I am experimenting with the new multiprocessing module in Python 2.6. I am creating several processes each with its own multiprocessor.JoinableQueue instance. Each process spawns one or more worker threads (subclasses of threading.Thread) which share the JoinableQueue instance (passed in through each Thread's __init__
method). It seems to generally work but occasionally and unpredictably fails with the following error:
File "C:\Documents and Settings\Brian\Desktop\testscript.py", line 49, in run
self.queue.task_done()
File "C:\Python26\lib\multiprocessing\queues.py", line 293, in task_done
raise ValueError('task_done() called too many times')
ValueError: task_done() called too many times
My Queue get() and task_done() calls are right after each other so they should be equal. Anecdotally this seems to occur only when the work done between the get() and the task_done() is VERY quick. Inserting a small time.sleep(0.01)
seems to alleviate the problem.
Any ideas what is going on? Can I use a multiprocessor Queue with threads instead of the more traditional (Queue.Queue)?
Thanks!
-brian
I didn't experiment with multi-processing in 2.6 yet, but I played a lot with pyprocessing (as it was called in 2.5).
I can see that you are looking for a number of processes with each spawning a set of threads respectively.
Since you are using the multiprocessing module, I will suggest use multi process and not multi thread approach, you will hit less problems like deadlocks, etc.

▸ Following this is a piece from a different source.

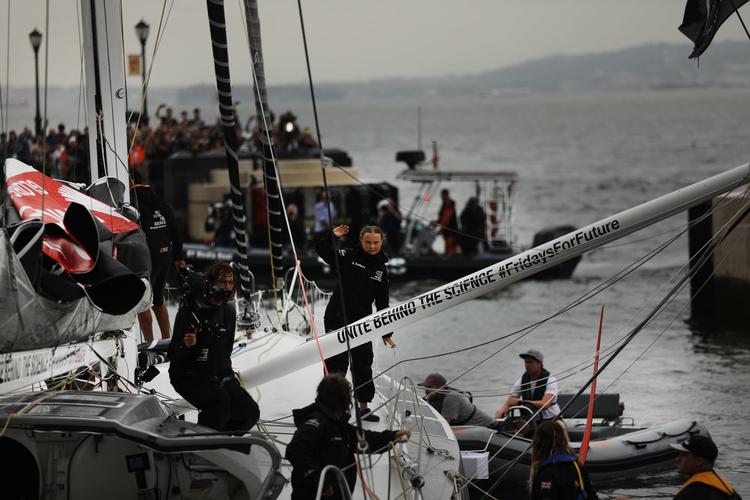 Greta Thunberg fortæller, at turen ikke var så ubehagelig, som hun havde frygtet. Hun undgik søsyge i de 15 dage på havet. Foto: Spencer Platt/Ritzau Scanpix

Create a queue object. http://pyprocessing.berlios.de/doc/queue-objects.html
For creating a multi process environment use a pool: http://pyprocessing.berlios.de/doc/pool-objects.html which will manage the worker processes for you. You can then apply asynchronous/synchronous to the workers and can also add a callback for each worker if required. But remember call back is a common code block and it should return immediately (as mentioned in documentation)

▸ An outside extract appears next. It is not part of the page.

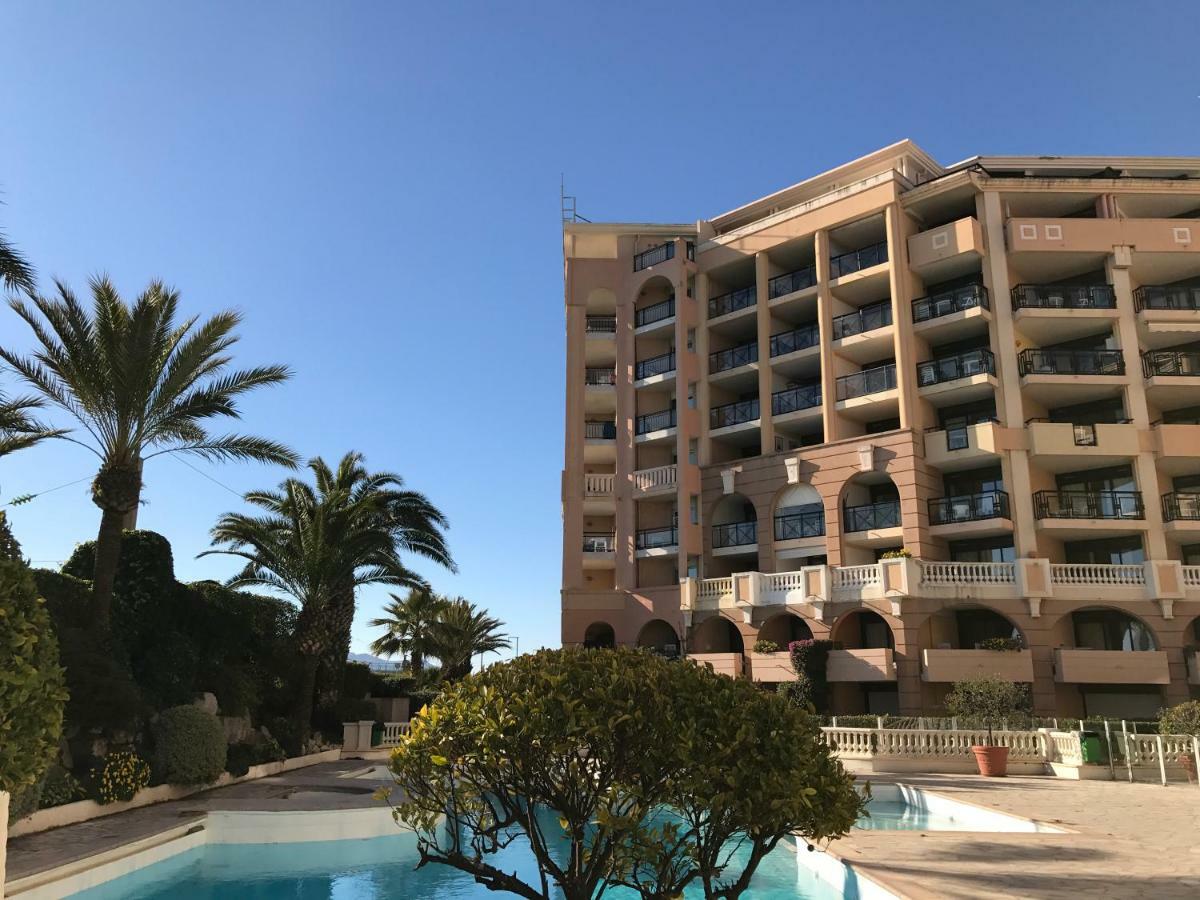 Cannes Vue Mer Екстериор снимка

Some additional info: If required create a manager http://pyprocessing.berlios.de/doc/manager-objects.html to manage the the access to the queue object. You will have to make the queue object shared for this. But the advantage is that, once shared and managed you can access this shared queue all over the network by creating proxy objects. This will enable you to call methods of a centralized shared queue object as (apparently) native methods on any network node.

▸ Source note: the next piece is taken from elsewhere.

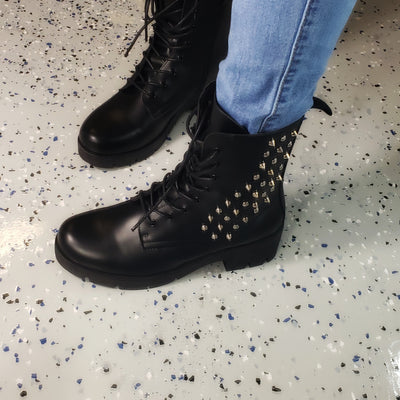 Glassy~Black Spiked Chunky Heel Boot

here is a code example from the documentation
It is possible to run a manager server on one machine and have clients use it from other machines (assuming that the firewalls involved allow it). Running the following commands creates a server for a shared queue which remote clients can use:
>>> from processing.managers import BaseManager, CreatorMethod
>>> import Queue
>>> queue = Queue.Queue()
>>> class QueueManager(BaseManager):
... get_proxy = CreatorMethod(callable=lambda:queue, typeid='get_proxy')
...
>>> m = QueueManager(address=('foo.bar.org', 50000), authkey='none')
>>> m.serve_forever()
One client can access the server as follows:
>>> from processing.managers import BaseManager, CreatorMethod
>>> class QueueManager(BaseManager):
... get_proxy = CreatorMethod(typeid='get_proxy')
...
>>> m = QueueManager.from_address(address=('foo.bar.org', 50000), authkey='none')
>>> queue = m.get_proxy()
>>> queue.put('hello')
If you insist on safe threaded stuff, PEP371 (multiprocessing) references this http://code.google.com/p/python-safethread/
You should pass Queue objects as target's arguments.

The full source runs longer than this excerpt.